Perputaran APBN Bisa Menyebar ke Luar Jawa
Ali Ngabalin menjelaskan, data dari Badan Pusat Statistik (BPS) mencatat, Pulau Jawa selalu menjadi penyumbang terbesar bagi perekonomian Indonesia dengan 57,55 persen untuk besaran Produk Domestik Bruto (PDB) pada kuartal III-2021. Kata dia, ini merupakan perputaran ekonomi terbesar.
"Dengan pemindahan IKN ini perputaran APBN, alokasi keuangan, dan kebijakan yang tadinya berpusat di Pulau Jawa dapat bergeser dan merata ke pulau di luar Jawa. Ini akan memutus mata rantai 'apa-apa Orang Jawa'," jelasnya.

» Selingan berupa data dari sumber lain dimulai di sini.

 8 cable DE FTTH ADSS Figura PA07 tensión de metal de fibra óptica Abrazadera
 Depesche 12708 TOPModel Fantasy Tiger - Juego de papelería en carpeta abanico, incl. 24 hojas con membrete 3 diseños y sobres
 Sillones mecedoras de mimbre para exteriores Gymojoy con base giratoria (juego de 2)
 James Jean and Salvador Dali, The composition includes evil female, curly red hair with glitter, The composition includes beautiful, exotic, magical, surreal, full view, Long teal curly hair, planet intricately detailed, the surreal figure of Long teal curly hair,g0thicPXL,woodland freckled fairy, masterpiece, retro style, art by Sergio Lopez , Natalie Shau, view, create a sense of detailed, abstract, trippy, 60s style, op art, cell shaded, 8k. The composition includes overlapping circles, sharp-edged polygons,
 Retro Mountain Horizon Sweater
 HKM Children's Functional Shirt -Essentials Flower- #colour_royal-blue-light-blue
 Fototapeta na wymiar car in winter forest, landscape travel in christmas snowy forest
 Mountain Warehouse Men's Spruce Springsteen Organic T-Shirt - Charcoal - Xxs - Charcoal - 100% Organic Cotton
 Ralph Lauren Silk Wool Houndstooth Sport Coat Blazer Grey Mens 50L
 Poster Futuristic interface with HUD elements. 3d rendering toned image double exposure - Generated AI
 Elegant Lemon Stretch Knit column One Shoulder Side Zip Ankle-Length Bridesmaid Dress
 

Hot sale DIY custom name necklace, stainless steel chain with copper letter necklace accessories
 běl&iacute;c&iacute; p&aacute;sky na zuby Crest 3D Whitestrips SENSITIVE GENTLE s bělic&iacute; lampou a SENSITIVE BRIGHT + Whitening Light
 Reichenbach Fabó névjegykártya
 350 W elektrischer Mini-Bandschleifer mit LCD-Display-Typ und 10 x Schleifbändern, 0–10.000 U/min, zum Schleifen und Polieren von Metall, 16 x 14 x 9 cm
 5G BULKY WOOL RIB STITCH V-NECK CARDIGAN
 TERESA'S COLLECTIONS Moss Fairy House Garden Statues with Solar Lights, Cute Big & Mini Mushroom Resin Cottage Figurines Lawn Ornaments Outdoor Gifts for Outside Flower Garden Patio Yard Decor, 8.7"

Pemindahan Ibu Kota Negara ini juga didukung akademisi dari Universitas Cenderawasih Papua, Dr. Septinus Saa. Ia mengatakan bagaimana tata kelola pemerintahan di Australia menjadi lebih baik setelah ibu kota negara berpindah dari Sydney ke Canbera.
"Kita melihat kepadatan penduduk di Pulau Jawa terutama Jakarta. Selain itu, faktor lingkungan juga terbengkalai dimana sekarang banyak terjadi musibah. Hal ini menjadikan Jakarta tidak ideal lagi sebagai Ibu Kota," kata Septinus. [viva]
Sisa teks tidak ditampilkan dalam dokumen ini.